Figure 1. Characterization of transplastomic plants.

A & B, Schematic representation of chloroplast flanking sequences used for homologous recombination, probe DNA sequence (0.81 kb), primer annealing sites (3P/3M and 5P/2M) and expected products of untransformed and transgenic lines when digested with ApaI. Prrn, rRNA operon promoter; aadA, aminoglycoside 3′ adenylyltransferase gene; PpsbA, promoter and 5′ untranslated region of the psbA gene; tpsbA, 3′ untranslated region of the psbA gene. C, PCR analysis using primer pairs 3P/3M and D, 5P/2M. Lanes 1–3, transplastomic lines; UT, Untransformed (−ve C); +C, positive control for 3P/3M confirmed established transplastomic line, for 5P/2M pLD man1; 1 kb, 1 kb plus DNA ladder. E, Southern blot hybridized with the flanking sequence probe. Lanes 1–2, transplastomic lines; UT, Untransformed. F, Southern blot hybridized with man1 probe. Lanes 1–2, transplastomic lines; UT, Untransformed.

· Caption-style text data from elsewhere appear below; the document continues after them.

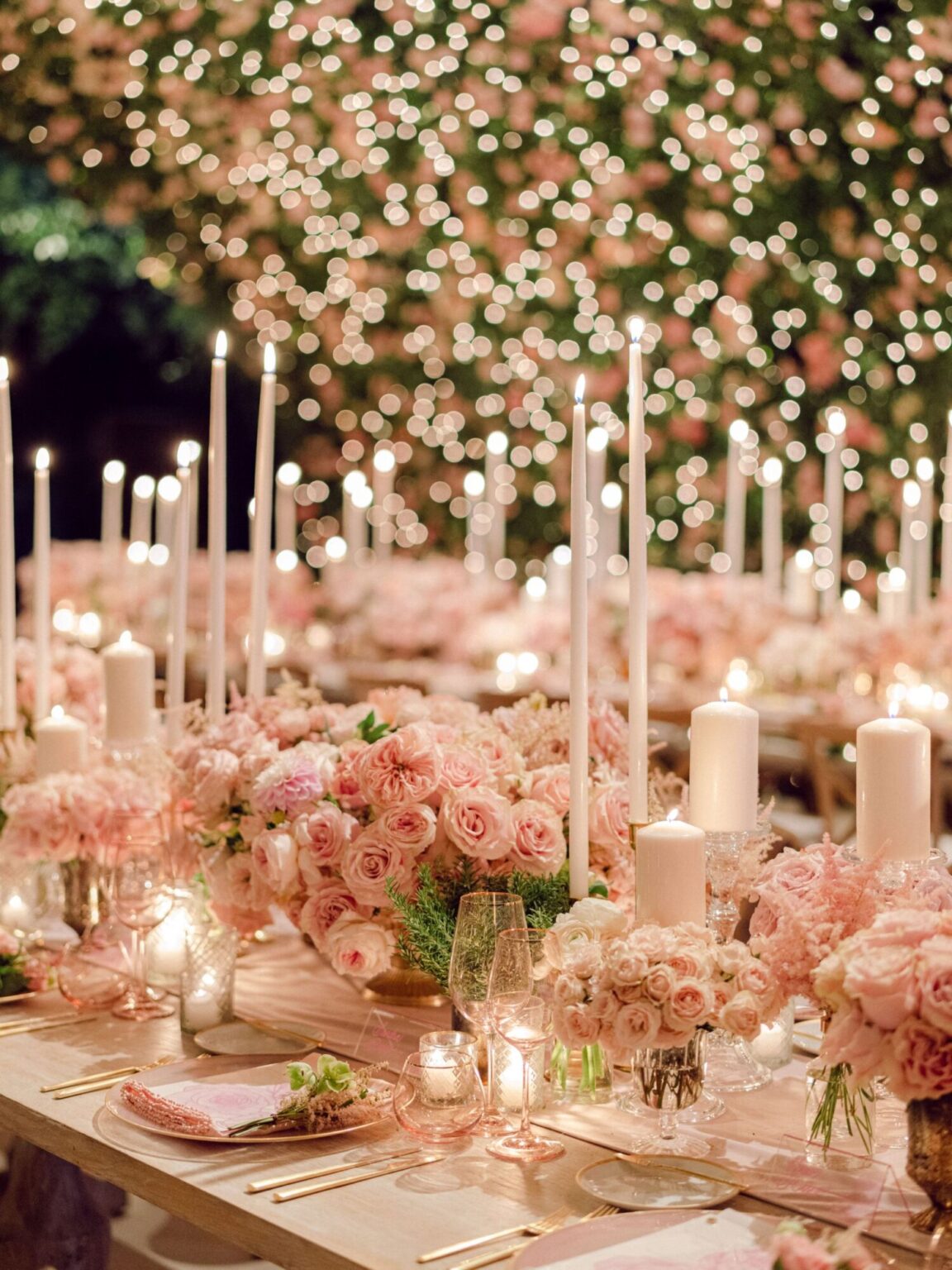 Long tables of tall candles and pink roses beneath a ceiling of blooms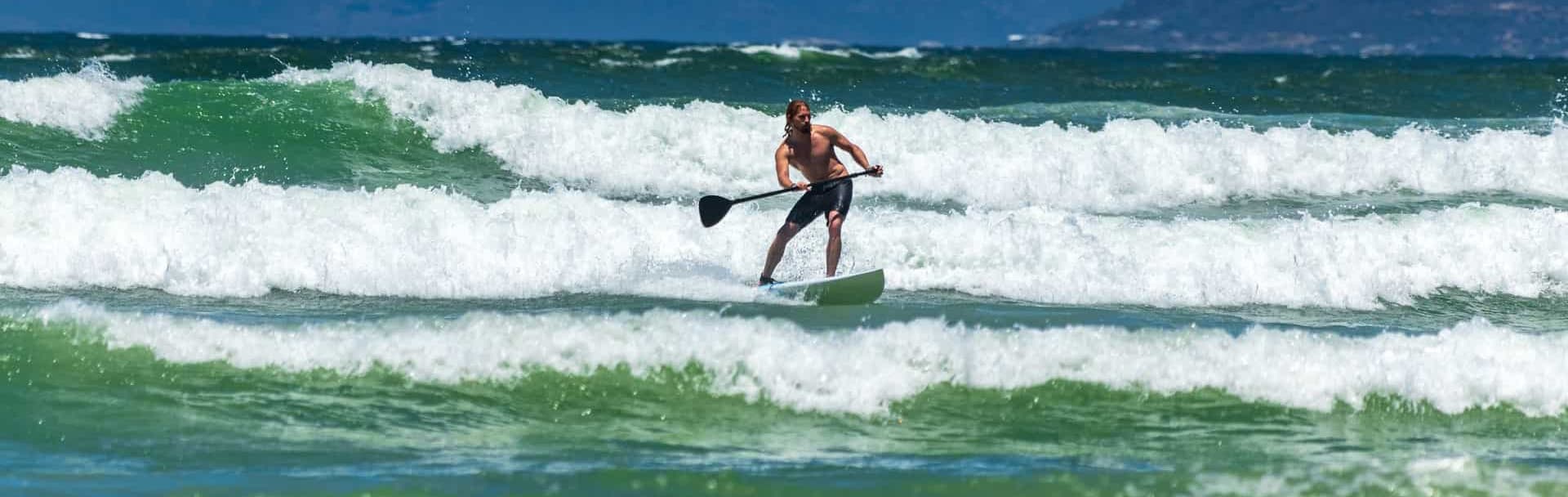 A person paddle boarding through ocean waves on a sunny day.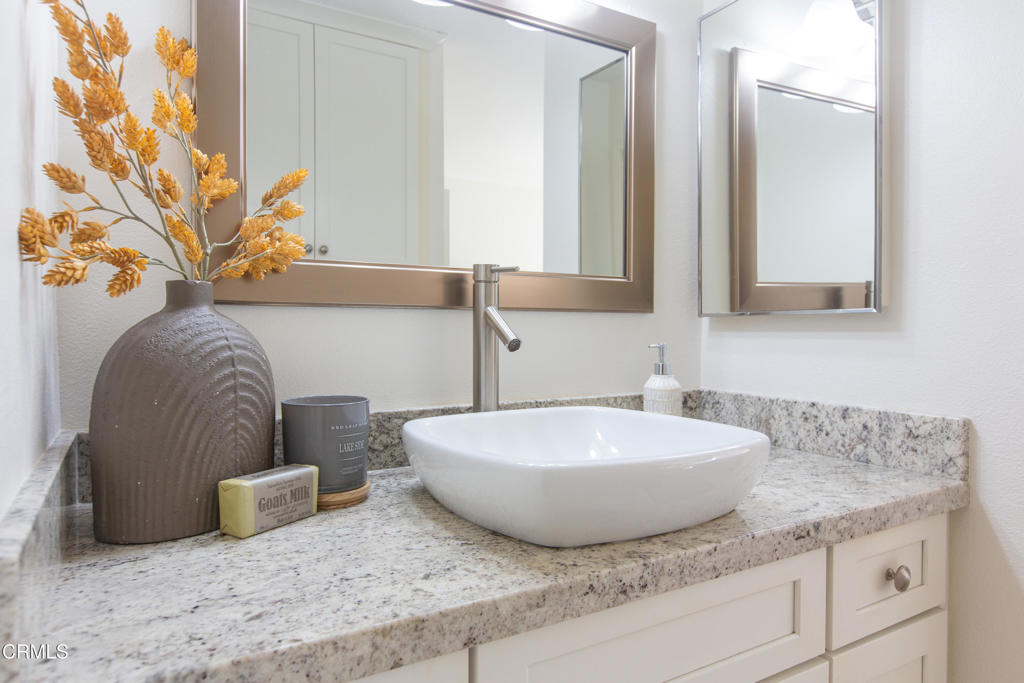 17516 Via Calma, Unit 39 Tustin, CA 92780 - Photo 16 of 29 a bathroom with a granite countertop sink and a mirror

Figure 2. Phenotype of transplastomic mannanase plants.

A, Mannanase transplastomic plant growing autotrophically in the green house. Mannanase plants were fertile and set seeds. B, Untransformed (UT) plant C, Transplastomic (man1) seeds and Untransformed (UT) seeds germinated on MSO medium containing spectinomycin (500 mg/l) showing lack of Mendelian segregation.

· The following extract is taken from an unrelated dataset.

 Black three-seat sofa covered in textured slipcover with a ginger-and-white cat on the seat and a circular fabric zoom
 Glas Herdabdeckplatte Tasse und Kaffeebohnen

Figure 3. Gel diffusion assay for mannanase activity.

Agar plate with 0.1% locust bean gum substrate stained with Congo red dye to evaluate mannanase activity. rMan, 100 µg of E.coli-derived mannanase crude extract; cpMan 100 µg of leaf extract from different transplastomic plant lines (Plant 1, 2 & 3); UT E.coli, Untransformed E.coli extract; UT plant, Untransformed plant extract; A.niger man, purified Aspergillus niger mannanase (Megazyme).

Figure 4. Characterization of chloroplast-derived mannanase.

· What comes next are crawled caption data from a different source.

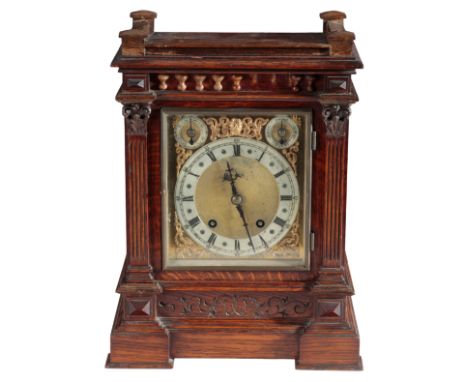 A VICTORIAN OAK MANTEL CLOCK with quarter-striking movement by Winterhalder &amp; Hofmeier, the brass dial with silvered chap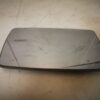 Cristal retrovisor izquierdo Ford Scort 91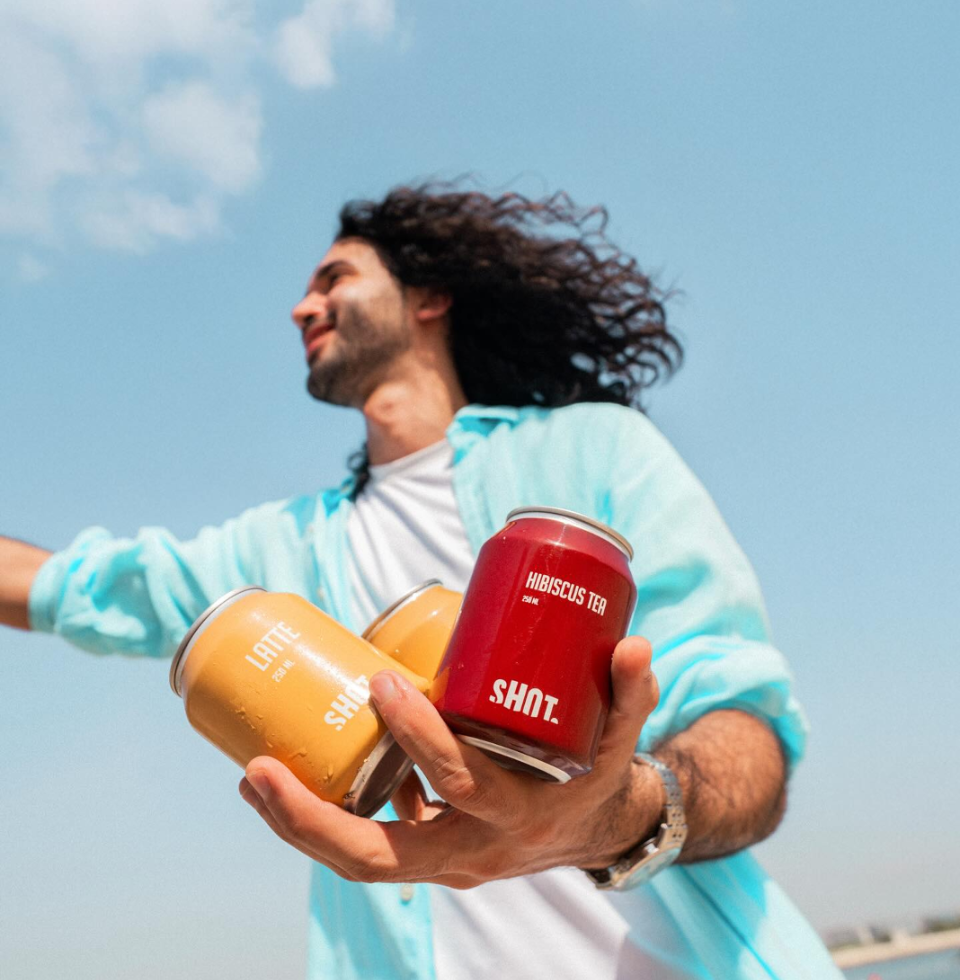 Man holding coffee cans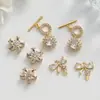 Colgantes de Flor Hueca Chapados en Oro Cobre Accesorios para Joyería DIY Accesorios para Pulseras de Cuentas Collares Materiales Venta al por Mayor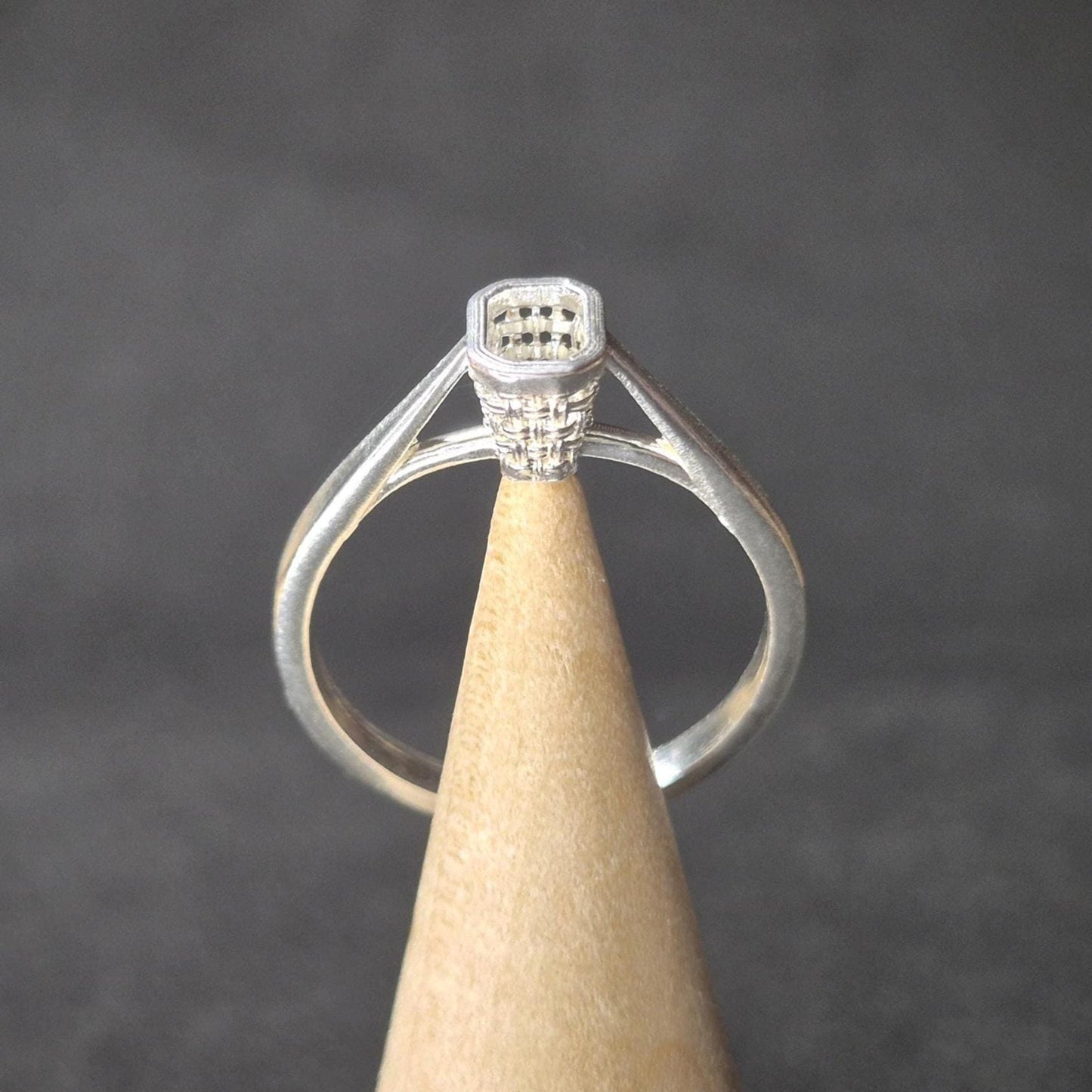 Front view of a silver emerald-cut ring blank on a wooden cone, shown against a dark background for contrast.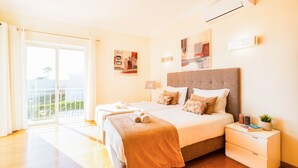 A hotel room with a large bed, two bedside tables, a window with a view, and a balcony. - Villa with Heatable Pool and BBQ in Albufeira (Albufeira)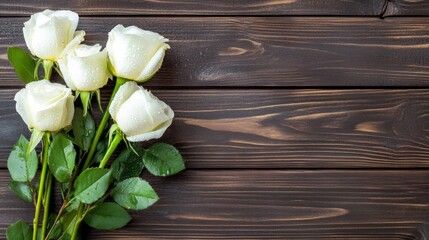 Poster - A bouquet of white roses with glistening water droplets, placed on a dark wooden surface for an elegant and classic feel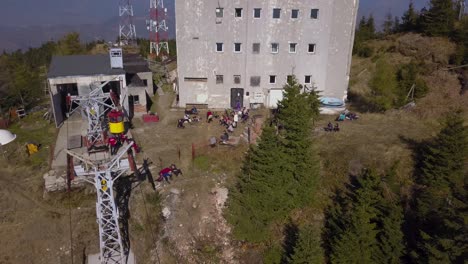 heniu summit, romania - hikers taking a break near a building and towers surrounded by green pine trees in the mountain on a sunny day - aerial drone shot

A, Effect of increasing locust bean gum concentration on cpMan activity. B, Substrate locust bean gum (0.5%) incubated with crude enzyme extracts in increasing concentrations of total soluble protein at 70°C, pH 5.0 in a reaction for 16 hours. C, Effect of incubation time on cpMan activity. D, Effect of pH on cpMan and rMan activity. E, Effect of temperature on cpMan and rMan activity. 30 µg of total soluble protein was incubated with 0.5% of locust bean gum at indicated reaction parameters for 2 hrs. rMan, E.coli-derived mannanase crude extract; cpMan, leaf extract from transplastomic plants; UT E.coli, Untransformed E.coli extract; UT plant, untransformed plant extract. (Error bars indicates the standard deviation; n = 3).

Figure 5. Enzyme cocktail for pinewood hydrolysis.

Pinewood (200 mg/5 ml) hydrolysis using different formulations of crude enzyme cocktails. Glucose equivalents released were quantified using DNS method. 200 ug TSP of crude chloroplast derived enzyme extracts were used. Man, Mannanase; Xyn, Xylanase; Axe, Acetyl xylan esterase; CelD, Endoglucanase; CelO, Exoglucanase; Bgl, β glucosidase; Eg1, Endoglucanase; Swo, Swollenin; Pel A, B, D, Pectate lyase. (Error bar indicates standard deviation among triplicates, * p value = 0.038, ** p value = 0.013, p value were calculated using t- test).